The SQL standard defines another function nullif(<expression_1>, <expression_2>). It evaluates to NULL, if the two expressions are equal - and it evaluates to the first expression, if they differ from each other.

Different vendors offers some more functions like isnull(), ifnull() or nvl() to support handling of NULL values. The meanings of these functions are vendor specific.

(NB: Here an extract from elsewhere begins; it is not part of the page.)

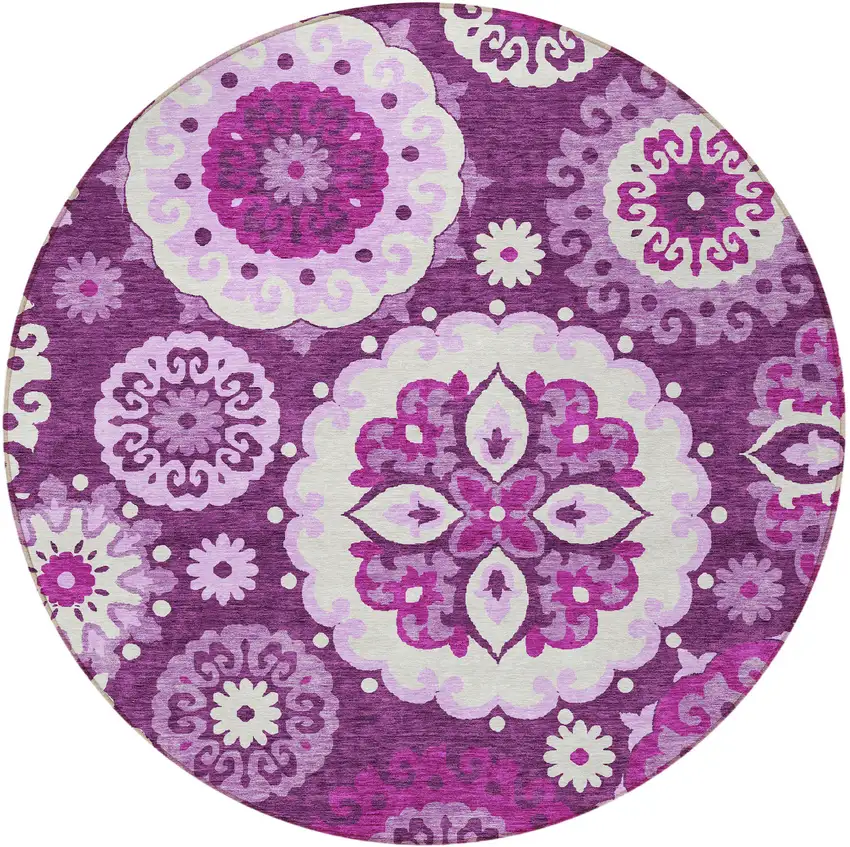 8' Eggplant And Mauve Round Floral Medallion Washable Indoor Outdoor Area Rug Photo 6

Exercises[edit | edit source]

Insert a new hobby 'Snowshoeing' without a remark.

Click to see solution
INSERT INTO hobby (id, hobbyname,     remark)
VALUES            (10, 'Snowshoeing', null);
COMMIT;

Find a second solution for the above question without using the key word 'null'. (First delete row 10.)

Click to see solution
DELETE FROM hobby WHERE id = 10;
INSERT INTO hobby (id, hobbyname)
VALUES            (10, 'Snowshoeing');
COMMIT;

Retrieve all hobbies without a remark.

Click to see solution
-- 1 row
SELECT * FROM hobby WHERE remark IS NULL;

How many hobbies are exemplified with a remark?

Click to see solution
-- 9 rows
SELECT count(*) FROM hobby WHERE remark IS NOT NULL;

Change row 10 of hobby so that hobbyname contains the string 'NULL' and remark contains 'Name of hobby not known'.

Click to see solution
-- Consider the two apostrophes surrounding the string 'NULL', which consists of the 4 characters N, U, L and L !!
UPDATE hobby SET hobbyname = 'NULL', remark = 'Name of hobby not known' WHERE id = 10;
COMMIT;

a) Retrieve the row where hobbyname is 'NULL'.
b) Retrieve the row where remark is 'Name of hobby not known'.

Click to see solution
-- This may be a pitfall question. There is no relation to the IS NULL predicate
SELECT * FROM hobby WHERE hobbyname = 'NULL';
SELECT * FROM hobby WHERE remark = 'Name of hobby not known';

How many hobbies have a hobby name?

Click to see solution
-- All 10 rows contains a hobby name, even the row with the hobbyname 'NULL'
SELECT count(*) FROM hobby WHERE hobbyname IS NOT NULL;